Personal information
- Born: August 21, 1944 (age 81) Fort Worth, Texas, U.S.
- Listed height: 6 ft 0 in (1.83 m)
- Listed weight: 180 lb (82 kg)

Career information
- High school: Highland Park (Dallas, Texas)
- College: SMU (1962–1965)
- NFL draft: 1966 (4th round, 62nd overall pick)
- AFL draft: 1966 (Red Shirt 1st round, 1st overall pick)

Career history
- Miami Dolphins (1966–1967); Oakland Raiders (1968);

Career AFL statistics
- Receptions: 11
- Receiving yards: 156
- Touchdowns: 1
- Stats at Pro Football Reference

= John Roderick (American football) =

American football player (born 1944)

John William Roderick (born August 21, 1944) is an American former professional football player who was a wide receiver in the American Football League (AFL). He played college football for the SMU Mustangs.

==Career==
Roderick played three seasons in the American Football League (AFL), playing two with the Miami Dolphins and one with the Oakland Raiders. Previously, he had been selected by the Green Bay Packers in the fourth round of the 1966 NFL draft and by the Dolphins in the first round of the Redshirt phase of the 1966 AFL draft.

He played at the collegiate level at Southern Methodist University.

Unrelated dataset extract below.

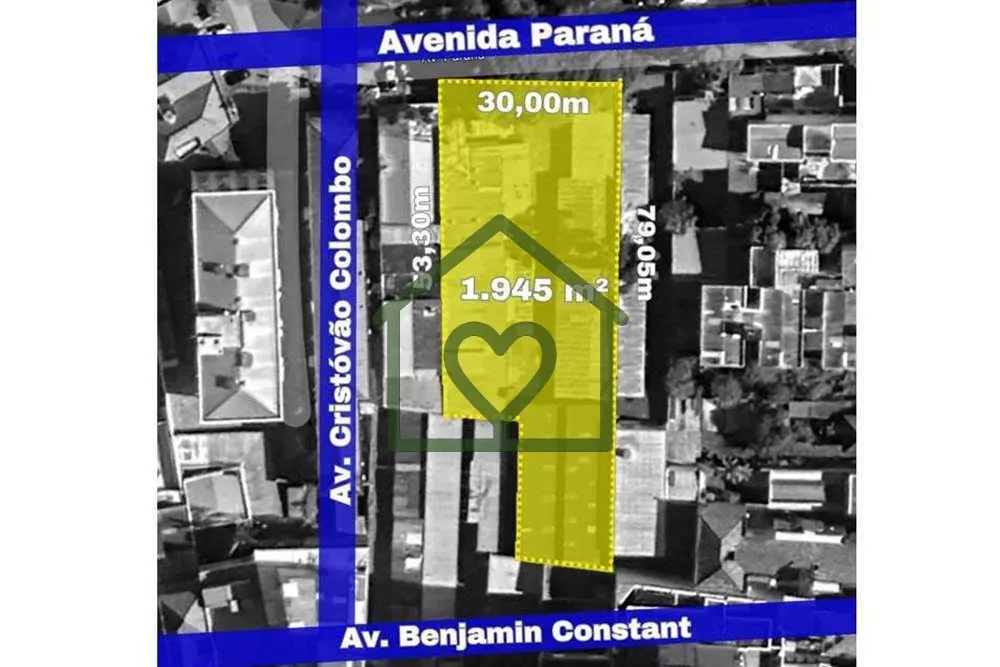 Terreno, 1945 m² - Foto 1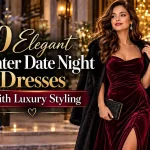 winter date night dresses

1963 SMU Mustangs • The 1963 season provided the SMU football program with one of its most memorable games when the Mustangs hosted fourth-ranked Navy and its heralded quarterback, Roger Staubach, on October 11, 1963, at the Cotton Bowl. On its way to a 4–7 season, SMU was given little chance to beat the Midshipmen. Little-known sophomore John Roderick rushed for 146 yards on 11 carries and scored on touchdown runs of 45 and two yards for the Mustangs. The SMU defense, led by Bob Oyler, Martin Cude, Bill Harlan, Harold Magers and Doug January, sent Staubach to the bench twice with a dislocated left shoulder. Trailing 28–26 with 2:52 remaining in the game, SMU had one last chance to pull off the upset. Quarterback Danny Thomas threw to Billy Gannon, who ran to the Navy 46. On the next play, Roderick took a pitch-out 23 yards to the 23. After a pass interference penalty against Navy put the ball on the one-yard line, Gannon plowed over right tackle for the winning touchdown with 2:05 left. The SMU defense held off Staubach's valiant effort to rally his team for one last score, as the Mustangs pulled off the 32–28 upset. Despite a 4–6 regular season record, SMU parlayed the victory over Navy earlier that season into a Sun Bowl berth against Oregon. Oregon defeated SMU, 21–14.